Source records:
BEGIN

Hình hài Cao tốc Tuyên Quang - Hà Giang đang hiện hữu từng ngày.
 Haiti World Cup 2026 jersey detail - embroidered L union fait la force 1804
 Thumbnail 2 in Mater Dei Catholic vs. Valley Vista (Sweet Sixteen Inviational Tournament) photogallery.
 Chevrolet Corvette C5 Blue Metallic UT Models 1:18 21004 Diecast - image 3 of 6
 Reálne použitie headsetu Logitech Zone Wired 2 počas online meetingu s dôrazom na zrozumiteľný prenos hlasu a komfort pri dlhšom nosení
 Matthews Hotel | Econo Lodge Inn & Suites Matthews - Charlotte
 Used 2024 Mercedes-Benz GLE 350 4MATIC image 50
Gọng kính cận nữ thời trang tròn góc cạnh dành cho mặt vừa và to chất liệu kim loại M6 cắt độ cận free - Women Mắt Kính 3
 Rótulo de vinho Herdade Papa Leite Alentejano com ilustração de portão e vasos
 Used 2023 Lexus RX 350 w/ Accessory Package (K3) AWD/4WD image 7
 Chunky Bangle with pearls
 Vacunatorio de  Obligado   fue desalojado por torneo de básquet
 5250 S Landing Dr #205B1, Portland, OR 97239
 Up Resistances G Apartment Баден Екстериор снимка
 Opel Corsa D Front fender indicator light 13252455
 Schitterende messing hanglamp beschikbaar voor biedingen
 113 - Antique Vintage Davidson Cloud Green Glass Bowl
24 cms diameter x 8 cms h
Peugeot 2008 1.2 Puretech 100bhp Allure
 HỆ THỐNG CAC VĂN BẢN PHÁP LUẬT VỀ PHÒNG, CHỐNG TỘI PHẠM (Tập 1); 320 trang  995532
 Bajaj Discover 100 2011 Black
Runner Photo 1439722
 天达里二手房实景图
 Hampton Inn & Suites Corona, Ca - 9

END

▶ _WORK INSTRUCTION_: Restating all of the data exactly is the whole task.

▶ _TASK OUTPUT_:
Hình hài Cao tốc Tuyên Quang - Hà Giang đang hiện hữu từng ngày.
 Haiti World Cup 2026 jersey detail - embroidered L union fait la force 1804
 Thumbnail 2 in Mater Dei Catholic vs. Valley Vista (Sweet Sixteen Inviational Tournament) photogallery.
 Chevrolet Corvette C5 Blue Metallic UT Models 1:18 21004 Diecast - image 3 of 6
 Reálne použitie headsetu Logitech Zone Wired 2 počas online meetingu s dôrazom na zrozumiteľný prenos hlasu a komfort pri dlhšom nosení
 Matthews Hotel | Econo Lodge Inn & Suites Matthews - Charlotte
 Used 2024 Mercedes-Benz GLE 350 4MATIC image 50
Gọng kính cận nữ thời trang tròn góc cạnh dành cho mặt vừa và to chất liệu kim loại M6 cắt độ cận free - Women Mắt Kính 3
 Rótulo de vinho Herdade Papa Leite Alentejano com ilustração de portão e vasos
 Used 2023 Lexus RX 350 w/ Accessory Package (K3) AWD/4WD image 7
 Chunky Bangle with pearls
 Vacunatorio de  Obligado   fue desalojado por torneo de básquet
 5250 S Landing Dr #205B1, Portland, OR 97239
 Up Resistances G Apartment Баден Екстериор снимка
 Opel Corsa D Front fender indicator light 13252455
 Schitterende messing hanglamp beschikbaar voor biedingen
 113 - Antique Vintage Davidson Cloud Green Glass Bowl
24 cms diameter x 8 cms h
Peugeot 2008 1.2 Puretech 100bhp Allure
 HỆ THỐNG CAC VĂN BẢN PHÁP LUẬT VỀ PHÒNG, CHỐNG TỘI PHẠM (Tập 1); 320 trang  995532
 Bajaj Discover 100 2011 Black
Runner Photo 1439722
 天达里二手房实景图
 Hampton Inn & Suites Corona, Ca - 9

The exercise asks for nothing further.